--- The input ---

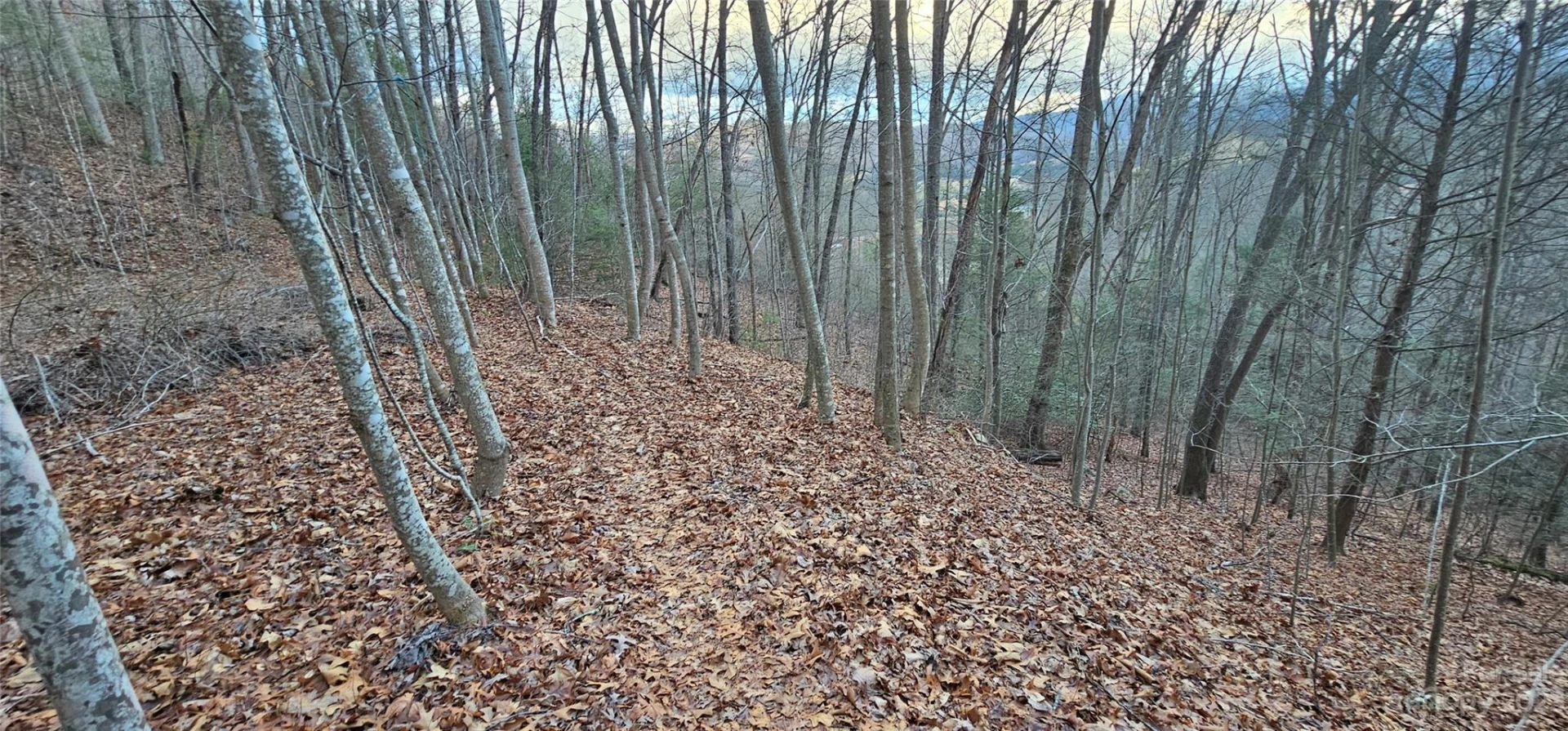 Lot 10 Seay Mountain Road - Photo 2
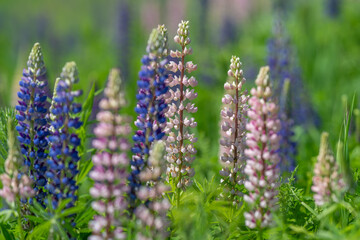 Obraz premium Colorful lupine flowers blooming in a sunlit meadow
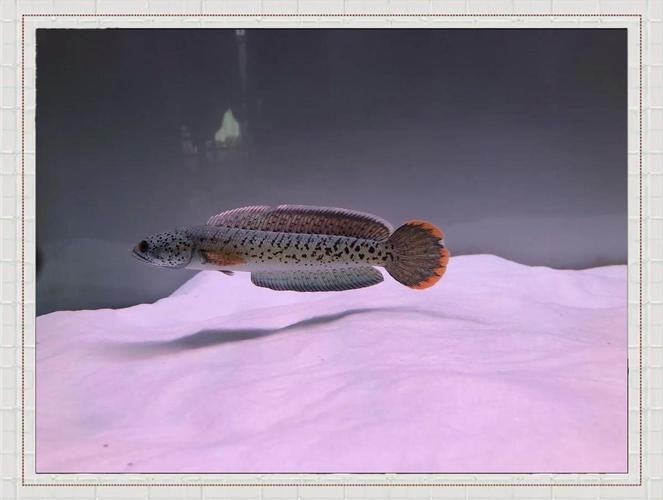 雷龍魚混養什么清潔魚好 龍魚百科 第5張 雷龍魚混養什么清潔魚好 雷龍魚混養什么清潔魚好 龍魚百科 第5張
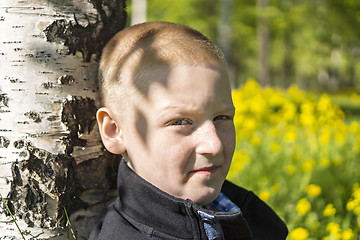 Image showing Portrait of young guy under birch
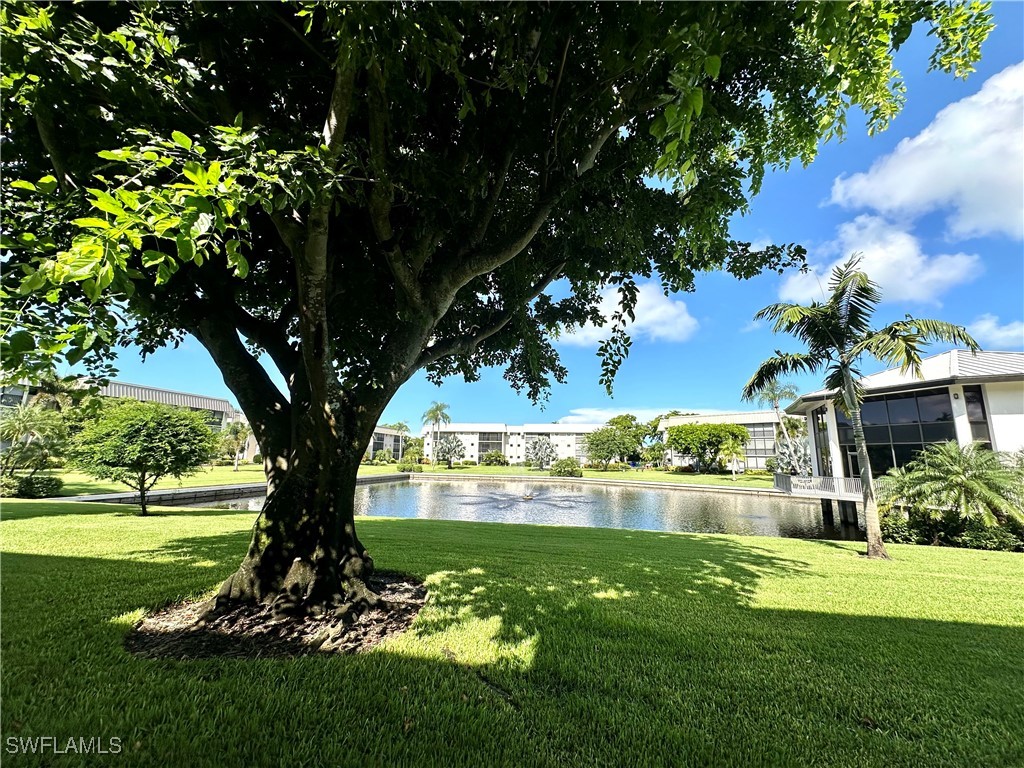 788 Park Shore Drive #D20 Naples FL 34103 225066209 image31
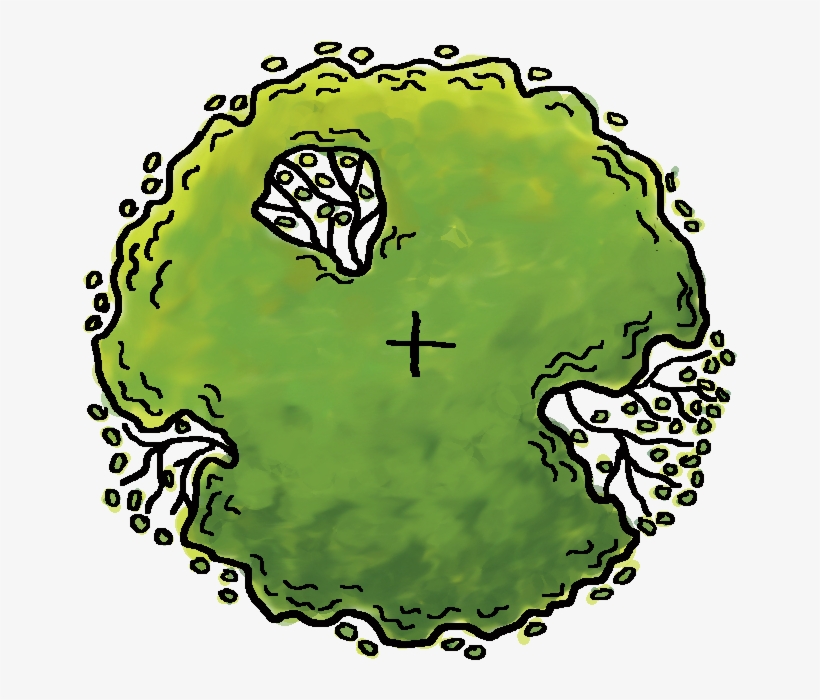 Alysse Kirkman - Homework, transparent png download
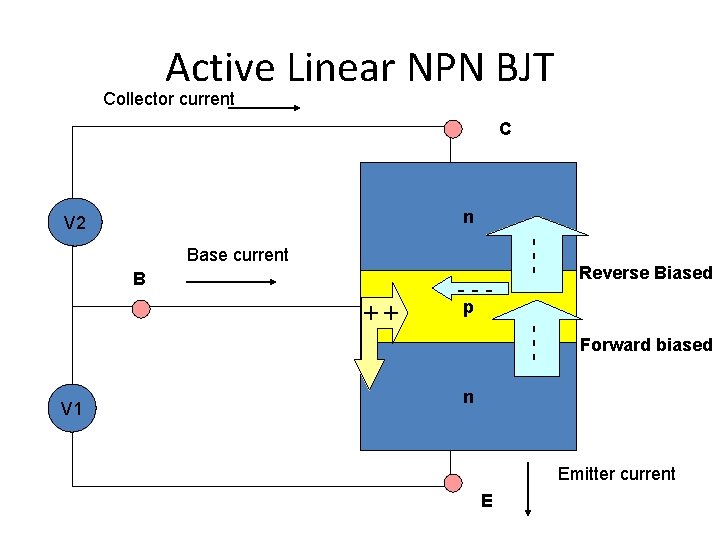 Active Linear NPN BJT Collector current C n V 2 ++ V 1 Reverse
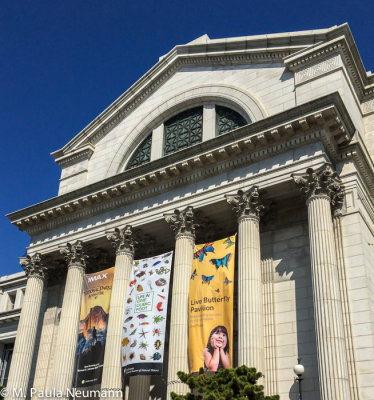 Museum of Natural History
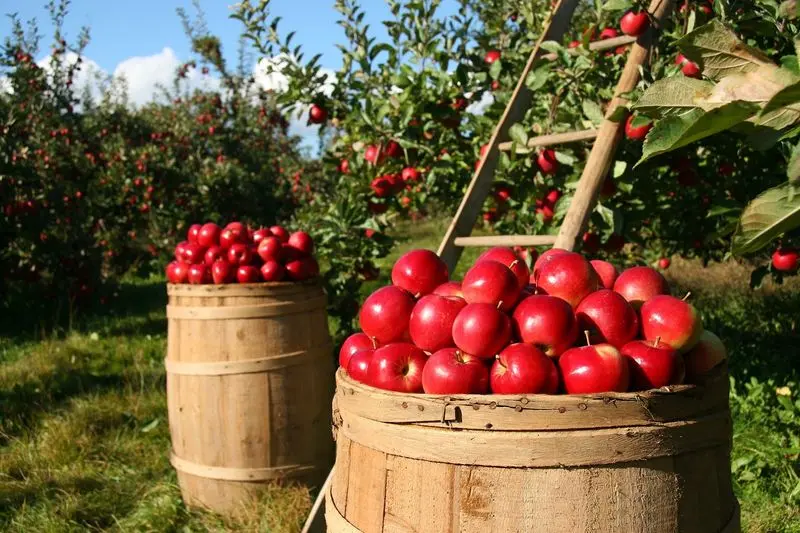 The Big Apple Orchard - Mount Vernon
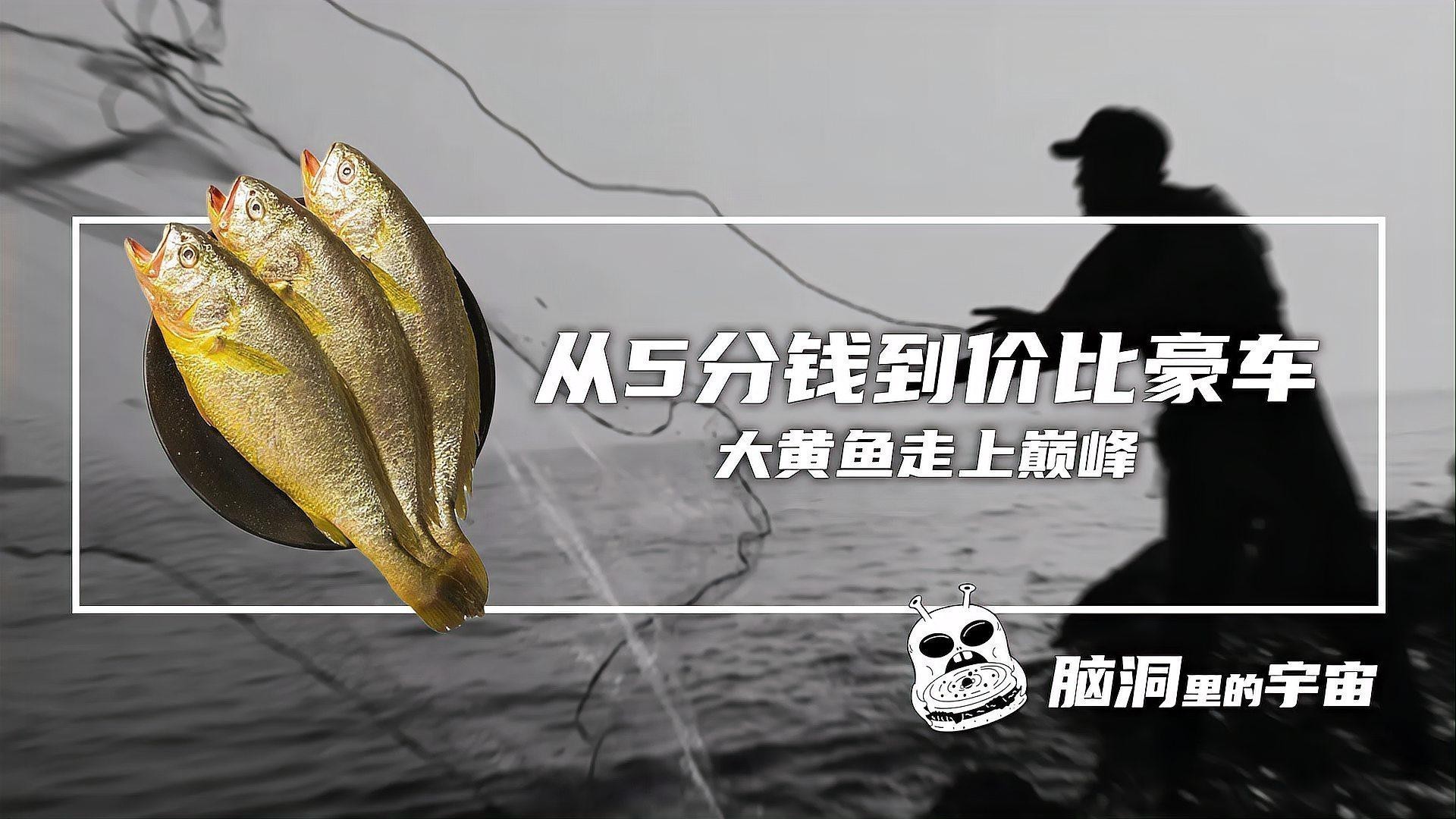 金龍魚膠是什么魚的膠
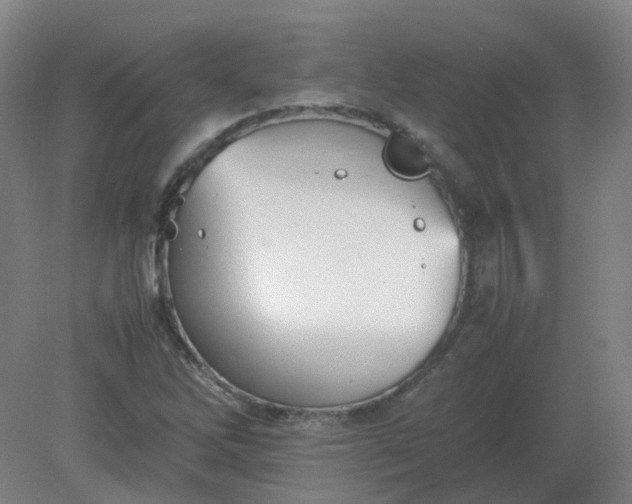 X0000082201262200702021835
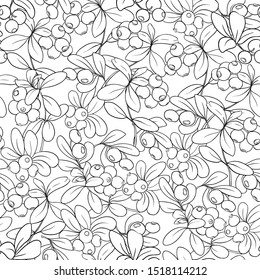 Cranberry. Seamless pattern, background. Outline hand drawing vector illustration.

---

Work to complete: Leaving all pictures aside, quote each record exactly.

Exercise output:
 Lot 10 Seay Mountain Road - Photo 2
 Obraz premium Colorful lupine flowers blooming in a sunlit meadow
 雷龍魚混養什么清潔魚好 龍魚百科 第5張 雷龍魚混養什么清潔魚好 雷龍魚混養什么清潔魚好 龍魚百科 第5張
 Image showing Portrait of young guy under birch
 788 Park Shore Drive #D20 Naples FL 34103 225066209 image31
 Alysse Kirkman - Homework, transparent png download
 Active Linear NPN BJT Collector current C n V 2 ++ V 1 Reverse
 Museum of Natural History
 The Big Apple Orchard - Mount Vernon
 金龍魚膠是什么魚的膠
 X0000082201262200702021835
 Cranberry. Seamless pattern, background. Outline hand drawing vector illustration.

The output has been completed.